Brazil’s Economy Teeters on Verge of Collapse

By NAT WEINSTEIN

The Brazilian economy has been teetering on the edge of collapse since last August. The billions of dollars in loans made by the United States and the International Monetary Fund have failed to stop the collapse of Southeast Asia and Russia. Another $41.5 billion was pledged at the end of last year to save Brazil.

While this latest domino to begin tipping over may yet be temporarily stabilized, steering the world economy back toward some measure of equilibrium and avoiding a generalized global collapse is extremely unlikely.

As of Jan. 27, Brazil’s reserve fund has dwindled from $75 billion to, perhaps, $30 billion. (Figures cited vary from one news publication to another.) Brazil has also used up the IMF’s first allotment of $7.1 billion of its pledged bailout money.
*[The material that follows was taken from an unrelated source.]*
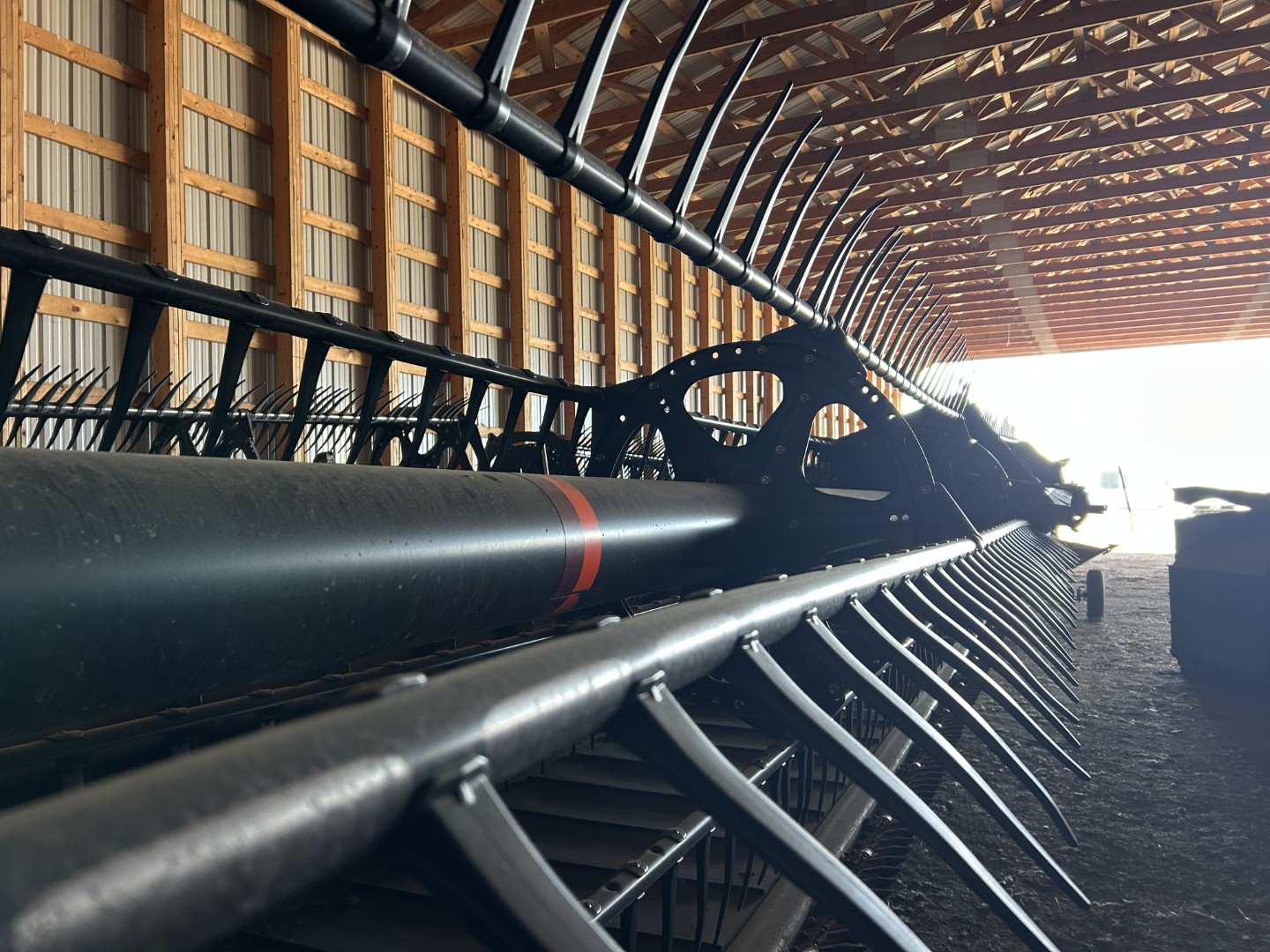 2008 MacDon D60-40 Header Draper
And in just the last eight business days before Jan. 27, the country’s currency, the real, lost a third of its value; government bonds have fallen to half their face value. And worse, in accord with U.S./IMF policy, further payments on their $41.5 billion pledge will not come until their austerity demands are met.

Seven years of economic boom followed President Cardoso’s tying the real to the dollar. A triple digit rate of inflation* before his election was almost instantly reduced to single digits afterward.
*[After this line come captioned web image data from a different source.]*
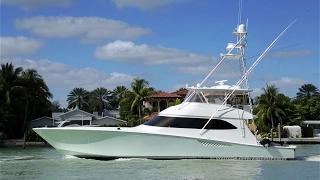 Some Sport Fish Yachts Arrive at Yachts Miami Beach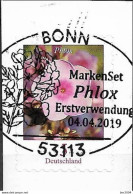 2019 Deutschland Germany   Mi. 3459 FD-used Bonn   Blumen :Flammenblume - Gebraucht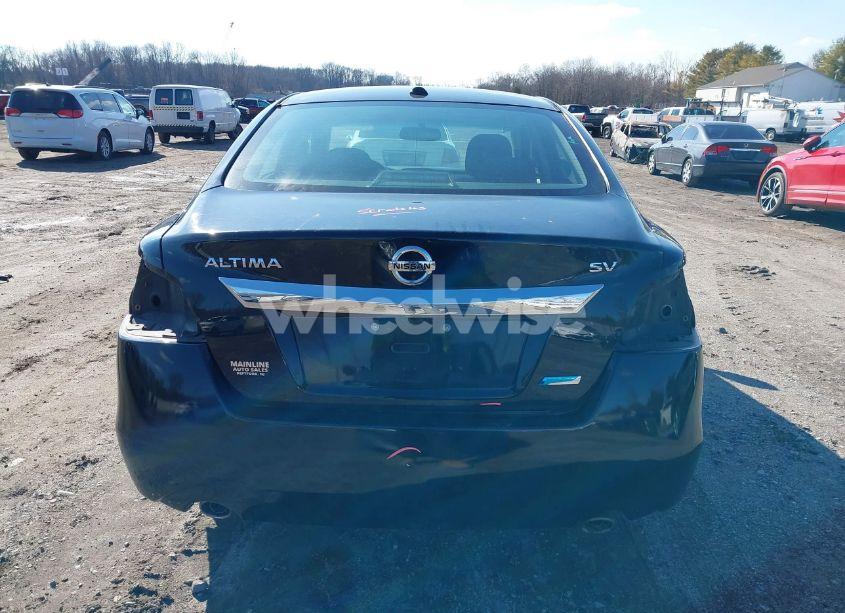 Photo 16 of 2014 Nissan Altima 2.5 SV (VIN 1N4AL3AP6EC264327)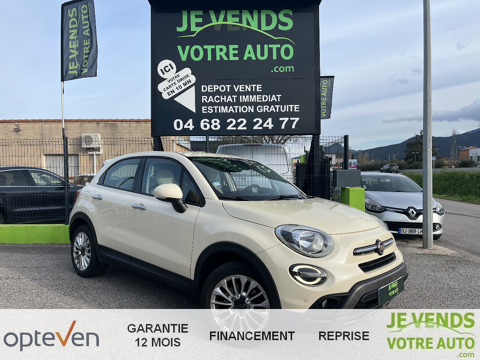 Fiat 500 X 1.3 Multijet 16v 95ch City Cross MOTEUR A CHAINE 2019 occasion Argel&egrave;s-sur-Mer 66700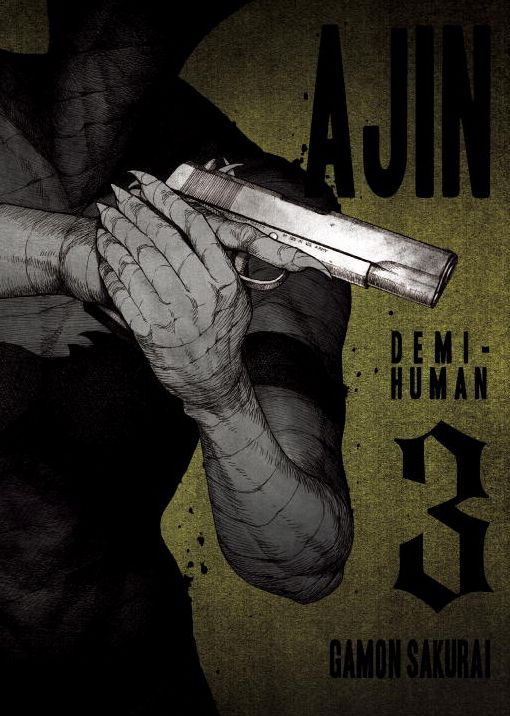 Ajin: Demi Human, Volume 3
This resulted in a flood of foreign investment and a vast expansion of credit. “Curing” its hyper-inflation by maintaining a dollar in its reserve fund for every real in circulation allowed Brazil’s deficit to be hidden while its credit climbed way beyond the value of its assets. Thus, the country found itself with diminished ability to pay off lenders when their loans are called in.
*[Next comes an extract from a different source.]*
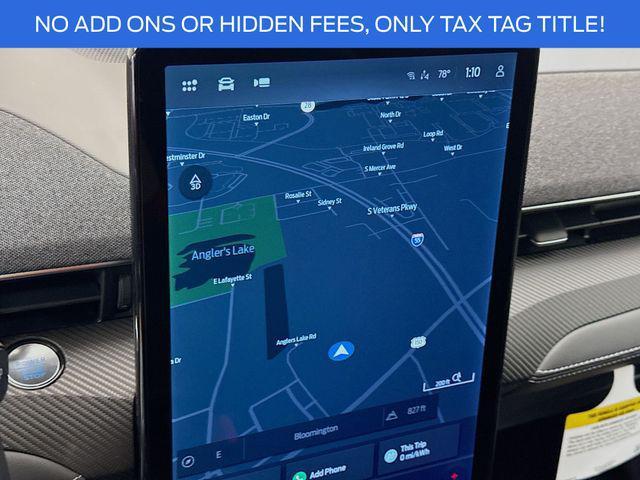 new 2025 Ford Mustang Mach-E car, priced at $51,410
Eventually, currency traders, sensing that the real was really worth less that its peg to the dollar, triggered a panic selling of reais** for dollars. And as happened in Asia and Russia, Brazil’s currency went into free fall. That, in turn, let the air out of Brazil’s economic boom.

Business Week, one of corporate America’s advocates, notes that “there is no end in sight to the financial crisis gripping the world economy….” The piece, which first appeared in this magazine’s international editions, was reprinted in the Jan. 25 New York Times under the headline “Latin America: The Fire Next Time.”

This big business magazine’s gloomy but accurate assessment hits the nail on the head. The following excerpt captures Business Week’s perception of Brazil’s and the world’s economic crisis:

The IMF no longer knows how to stave off or mitigate crises. … But the larger reasons for failed IMF policies in Brazil are these: We live in a deflationary world-defined by overcapacity and insufficient demand. The austerity policies forced upon countries by the IMF in return for loans transform bad debt problems into economic debacles. … The austerity policies of the IMF and the U.S. Treasury aren’t part of the solution. They are part of the problem.

But that’s only half of the current crisis in Brazil. While the IMF’s conditions for aid continue to be “part of the problem,” their austerity “solution” is meeting stubborn resistance from the Brazilian working class.

High level of class consciousness

The Brazilian working class is unique in that its level of class consciousness and combativity have been on the rise for more than a dozen years.

The Workers Party, which rose from a small vanguard to a mass workers’ political movement in this past period, is only the most visible expression of the high level of class consciousness of Brazilian workers. However, like most mass workers’ parties in the world today, its leadership lags far behind the consciousness of its worker vanguard.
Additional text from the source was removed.